For example, a real-life production deployment can have 5 Frontend, 15 History, 17 Matching, and 3 Worker Services per cluster.
The Temporal Server services can run independently or be grouped together into shared processes on one or more physical or virtual machines. For live (production) environments, we recommend that each service runs independently, because each one has different scaling requirements and troubleshooting becomes easier. The History, Matching, and Worker Services can scale horizontally within a Cluster. The Frontend Service scales differently than the others because it has no sharding or partitioning; it is just stateless.
Each service is aware of the others, including scaled instances, through a membership protocol via Ringpop.
Versions and support
All Temporal Server releases abide by the Semantic Versioning Specification.
Fairly precise upgrade paths and support have been established starting from Temporal v1.7.0
.
We provide maintenance support for previously published minor and major versions by continuing to release critical bug fixes related to security, the prevention of data loss, and reliability, whenever they are found.
We aim to publish incremental upgrade guides for each minor and major version, which include specifics about dependency upgrades that we have tested for (such as Cassandra 3.0 -> 3.11).

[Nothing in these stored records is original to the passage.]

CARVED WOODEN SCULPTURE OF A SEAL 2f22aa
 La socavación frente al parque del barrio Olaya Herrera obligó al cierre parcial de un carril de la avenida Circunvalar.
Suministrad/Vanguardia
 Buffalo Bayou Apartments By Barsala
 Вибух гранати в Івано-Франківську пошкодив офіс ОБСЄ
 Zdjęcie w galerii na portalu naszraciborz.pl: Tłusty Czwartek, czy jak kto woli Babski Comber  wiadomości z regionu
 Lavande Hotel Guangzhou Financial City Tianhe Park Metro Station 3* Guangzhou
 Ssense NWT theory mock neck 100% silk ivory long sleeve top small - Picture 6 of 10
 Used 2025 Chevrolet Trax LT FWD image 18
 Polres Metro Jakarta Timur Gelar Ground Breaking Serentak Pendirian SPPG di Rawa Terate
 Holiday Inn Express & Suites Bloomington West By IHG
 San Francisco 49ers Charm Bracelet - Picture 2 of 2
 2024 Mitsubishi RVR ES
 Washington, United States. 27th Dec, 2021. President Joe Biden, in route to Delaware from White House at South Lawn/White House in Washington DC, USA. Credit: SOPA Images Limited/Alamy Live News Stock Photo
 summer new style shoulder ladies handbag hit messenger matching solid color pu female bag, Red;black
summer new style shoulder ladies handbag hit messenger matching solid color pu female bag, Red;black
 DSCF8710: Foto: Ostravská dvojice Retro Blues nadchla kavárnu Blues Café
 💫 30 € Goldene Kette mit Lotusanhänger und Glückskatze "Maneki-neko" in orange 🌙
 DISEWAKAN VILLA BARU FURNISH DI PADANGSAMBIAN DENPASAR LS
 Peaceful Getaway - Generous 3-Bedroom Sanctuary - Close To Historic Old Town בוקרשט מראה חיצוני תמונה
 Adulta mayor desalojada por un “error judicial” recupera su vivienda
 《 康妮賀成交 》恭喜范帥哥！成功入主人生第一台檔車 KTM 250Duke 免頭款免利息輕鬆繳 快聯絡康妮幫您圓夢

We offer maintenance support of the last three minor versions after a release and do not plan to "backport" patches beyond that.
We offer maintenance support of major versions for at least 12 months after a GA release, and we provide at least 6 months' notice before EOL/deprecating support.
Dependencies
Temporal offers official support for, and is tested against, dependencies with the exact versions described in the go.mod
file of the corresponding release tag.
(For example, v1.5.1 dependencies are documented in the go.mod for v1.5.1.)
Frontend Service
The Frontend Service is a stateless gateway service that exposes a strongly typed Proto API. The Frontend Service is responsible for rate limiting, authorizing, validating, and routing all inbound calls.
Types of inbound calls include the following:
- Domain CRUD
- External events
- Worker polls
- Visibility requests
- Admin operations via tctl (the Temporal CLI)
- Calls from a remote Cluster related to Multi-Cluster Replication
Every inbound request related to a Workflow Execution must have a Workflow Id, which is hashed for routing purposes. The Frontend Service has access to the hash rings that maintain service membership information, including how many nodes (instances of each service) are in the Cluster.
Inbound call rate limiting is applied per host and per namespace.
The Frontend Service talks to the Matching Service, History Service, Worker Service, the database, and Elasticsearch (if in use).
- It uses the grpcPort 7233 to host the service handler.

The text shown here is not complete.